— What the task asks —
I'd like the entries reproduced exactly, with the images omitted.

— Extracted material —
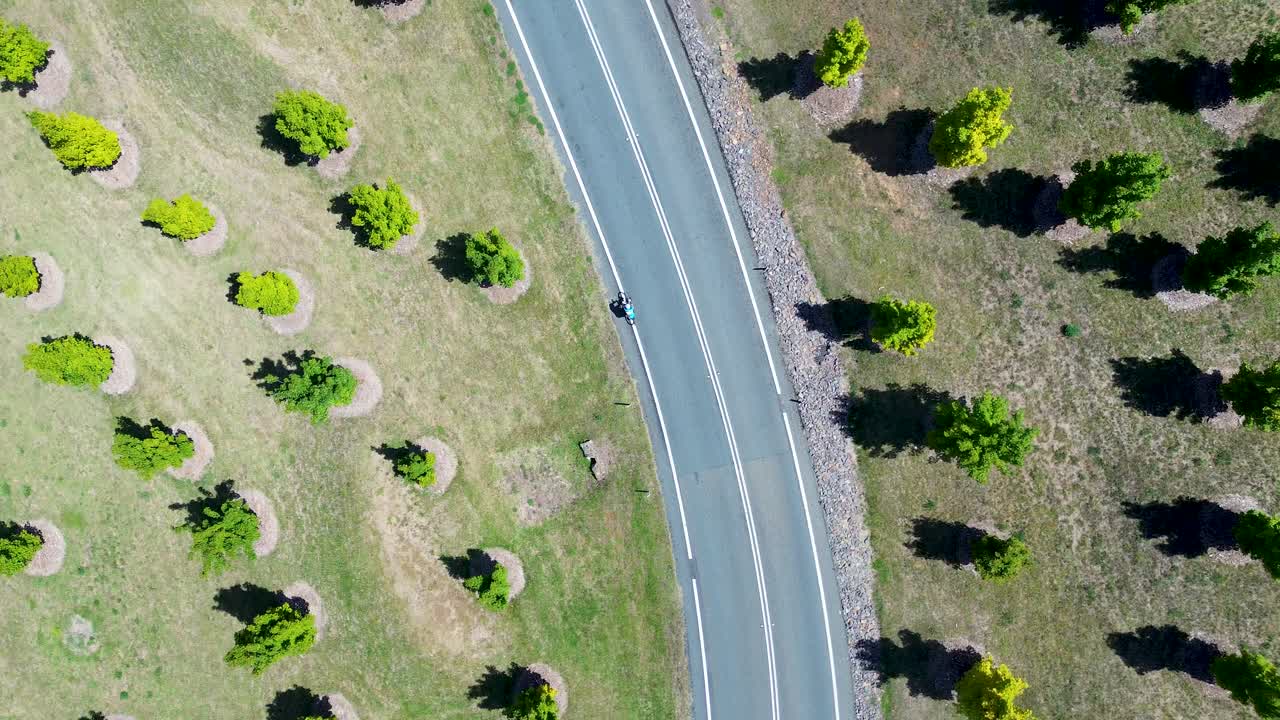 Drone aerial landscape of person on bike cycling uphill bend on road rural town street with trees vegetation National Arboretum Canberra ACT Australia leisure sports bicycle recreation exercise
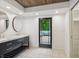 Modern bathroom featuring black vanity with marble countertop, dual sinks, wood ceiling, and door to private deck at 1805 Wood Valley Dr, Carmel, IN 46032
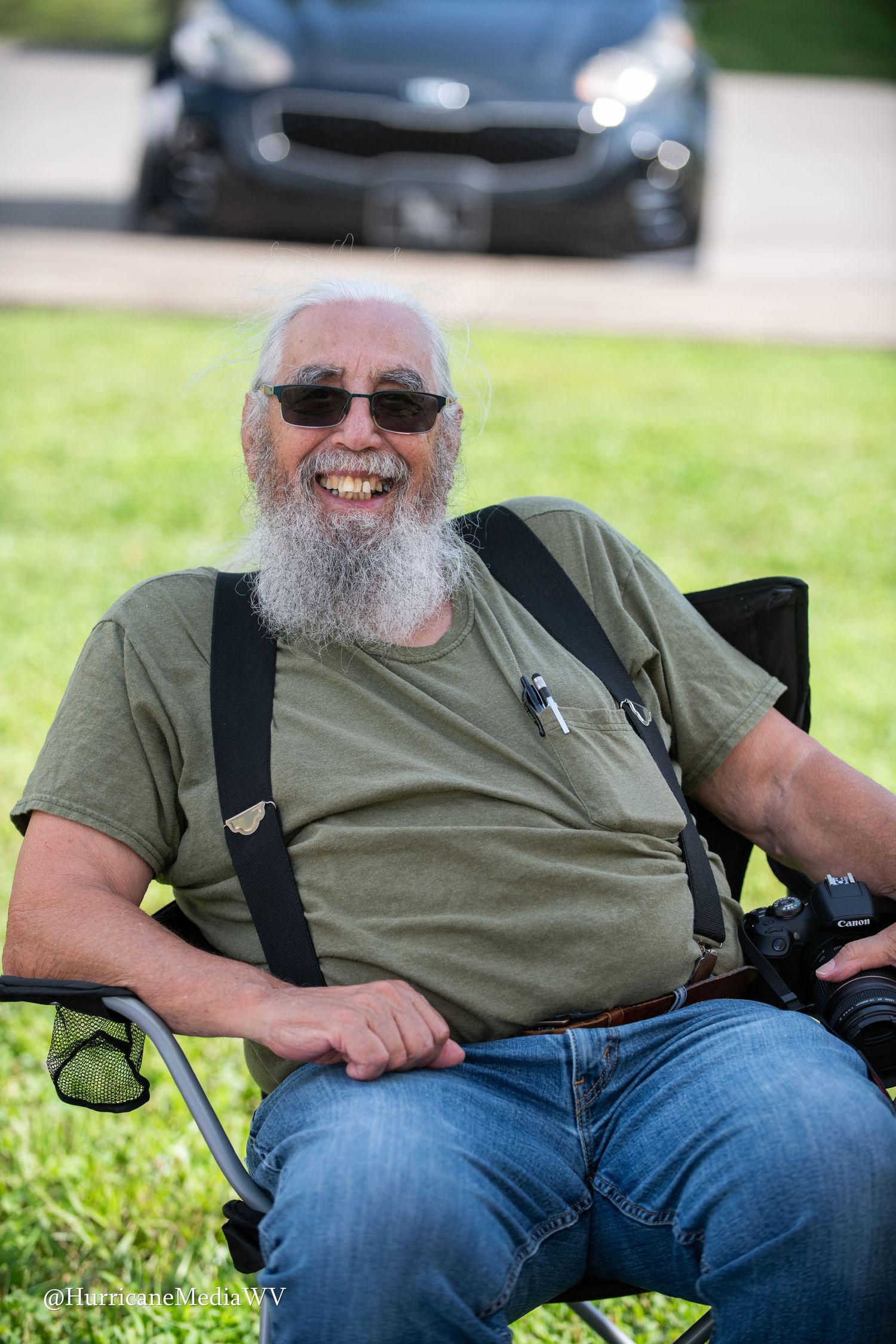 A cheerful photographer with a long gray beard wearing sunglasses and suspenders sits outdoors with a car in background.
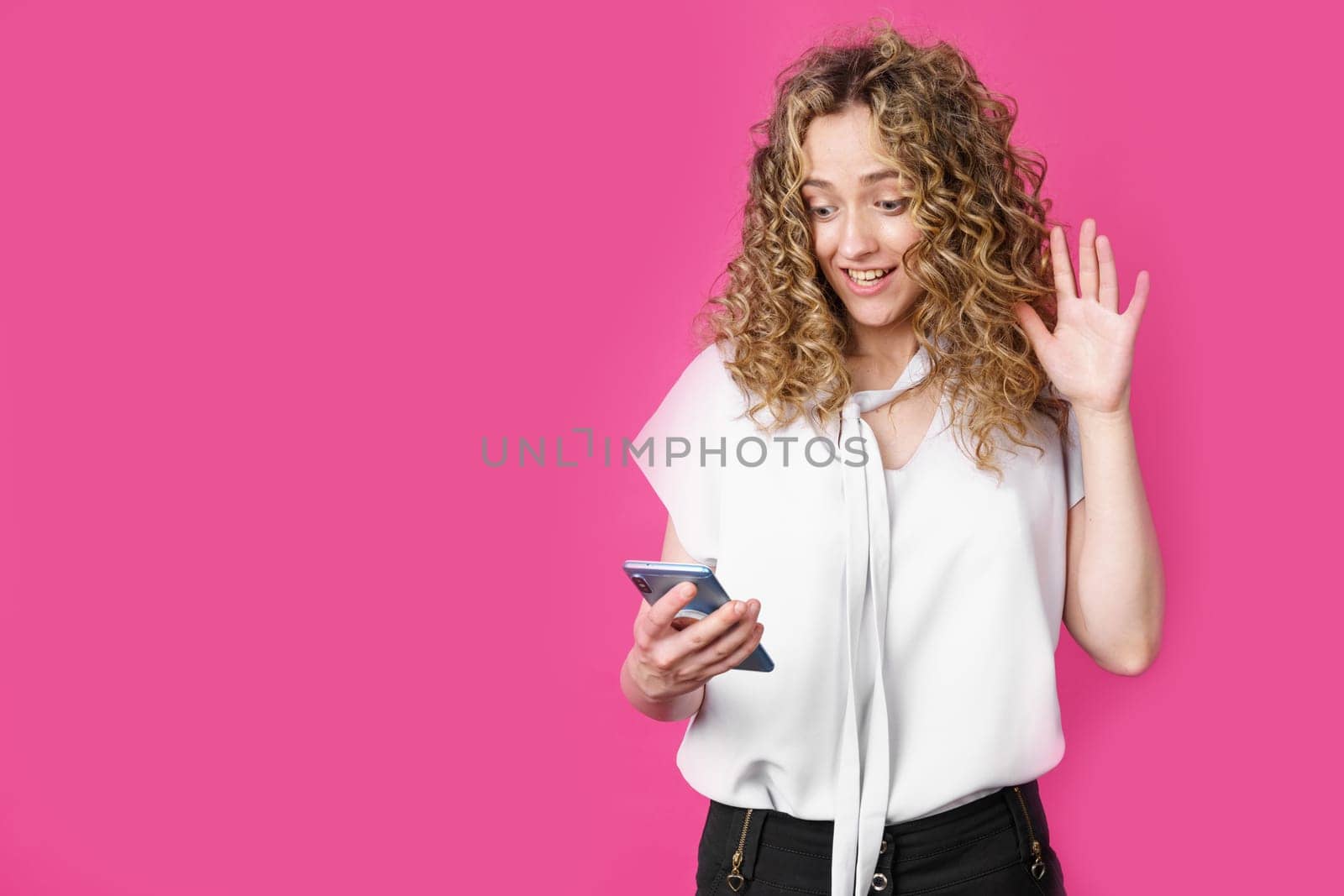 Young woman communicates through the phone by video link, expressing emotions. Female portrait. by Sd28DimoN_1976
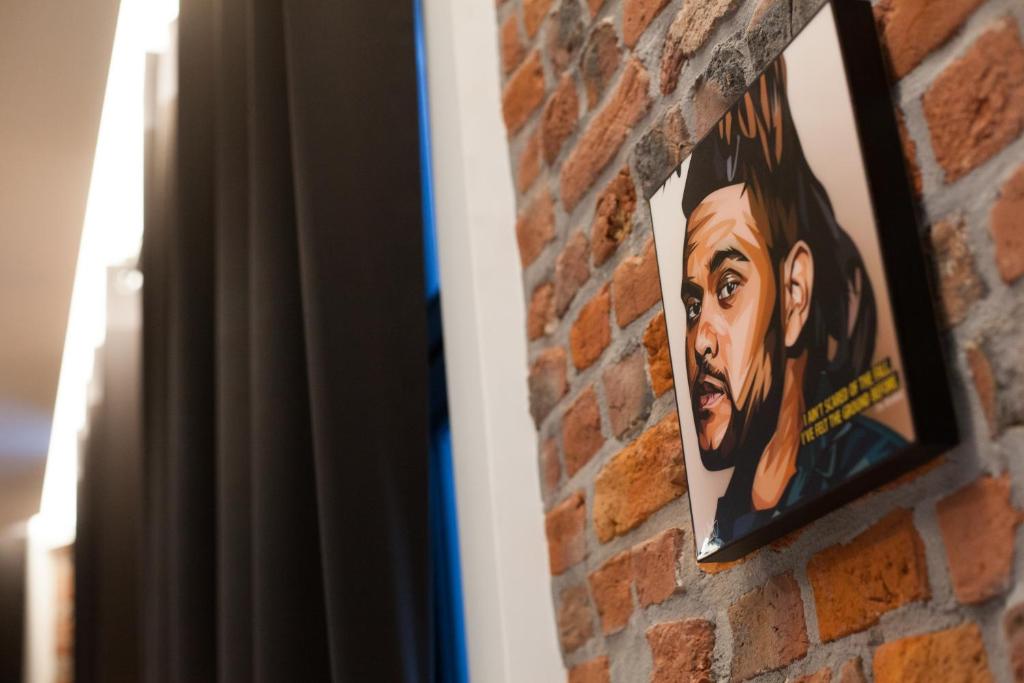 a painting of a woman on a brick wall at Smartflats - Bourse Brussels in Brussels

— Response —
 Drone aerial landscape of person on bike cycling uphill bend on road rural town street with trees vegetation National Arboretum Canberra ACT Australia leisure sports bicycle recreation exercise
 Modern bathroom featuring black vanity with marble countertop, dual sinks, wood ceiling, and door to private deck at 1805 Wood Valley Dr, Carmel, IN 46032
 A cheerful photographer with a long gray beard wearing sunglasses and suspenders sits outdoors with a car in background.
 Young woman communicates through the phone by video link, expressing emotions. Female portrait. by Sd28DimoN_1976
 a painting of a woman on a brick wall at Smartflats - Bourse Brussels in Brussels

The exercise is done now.